Não sabia por que o sono estava em atraso. Não havia frases que o condoessem, atritos com os dias recentes, nenhuma angústia existencial, ou preconceitos castradores. Não tinha querelas. Não sabia se não era exigente para não exibir ausentes padecimentos, ou se a vida era pródiga consigo. “À melhor de cinco, como nos jogos de ténis: à melhor de cinco, vai ser o critério para prosseguir o exílio noturno”, jurou aos deuses esquecidos. Seriam no máximo cinco encruzilhadas e um pouco de acaso a determinar a rota da noite. Corria o risco de ser apanhado em falso. As forças policiais eram exigentes com os contrafatores que saíam de casa à revelia.
Esgueirava-se como os gatos vadios, saltando de soleira em soleira, abrigando-se da chuva incessante, aninhando-se atrás de um carro estacionado quando percebia as luzes feéricas de outro carro em aproximação. Toda aquela adrenalina era contraproducente. Se saíra de casa, foi porque a insónia dera instruções nesse sentido. A demanda noturna seria como um medicamento tomado para convocar o sono. Só que a infração contínua causava um sobressalto interior. Era o contrário do precisava para a convocatória do sono. Não se acanhou. A excitação dos sentidos compensava. Já há tanto tempo que não sentia as labaredas a exsudar o gelo entediante. Era a supressão deste sentido em falta que o apoquentava. Só que não sabia.
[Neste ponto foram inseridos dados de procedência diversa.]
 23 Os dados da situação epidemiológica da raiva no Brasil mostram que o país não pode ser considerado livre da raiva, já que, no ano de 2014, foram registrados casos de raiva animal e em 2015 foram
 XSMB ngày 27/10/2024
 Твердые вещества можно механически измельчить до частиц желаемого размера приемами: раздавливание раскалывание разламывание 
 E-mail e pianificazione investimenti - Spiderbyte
Por fim, sentia-se vir à tona. Deixava de ser a ínfima fração do que em si se encerrava. Não queria sondar as desfeitas que o conduziram à apatia – não podia perder esse tempo, precioso que era. Depois de se sentir a vir à tona, a plenitude não se gorou. Era como se o mapa dos lugares não chegasse para a estatura da sua silhueta. Agora que estava à tona, não podia deixar de ser toda a colheita de si vertida. Já fora tempo de mais a fingir, a obedecer a costumes, a ser mandado, e ele submisso, a deitar-se à hibernação que fazia com que fosse apenas a ínfima fração do que em si se encerrava.
Agora, que emergira à tona, era todo ele em seu esplendor. Sem contas a prestar, sem o medo a açambarcar as fragas do tempo, sem fantasiar com palcos fátuos onde as personagens são o idioma vivo do fingimento. Ele, em todo o seu esplendor, sem vernizes ou cortinas de sombras, desembaciado, luminosidade singular.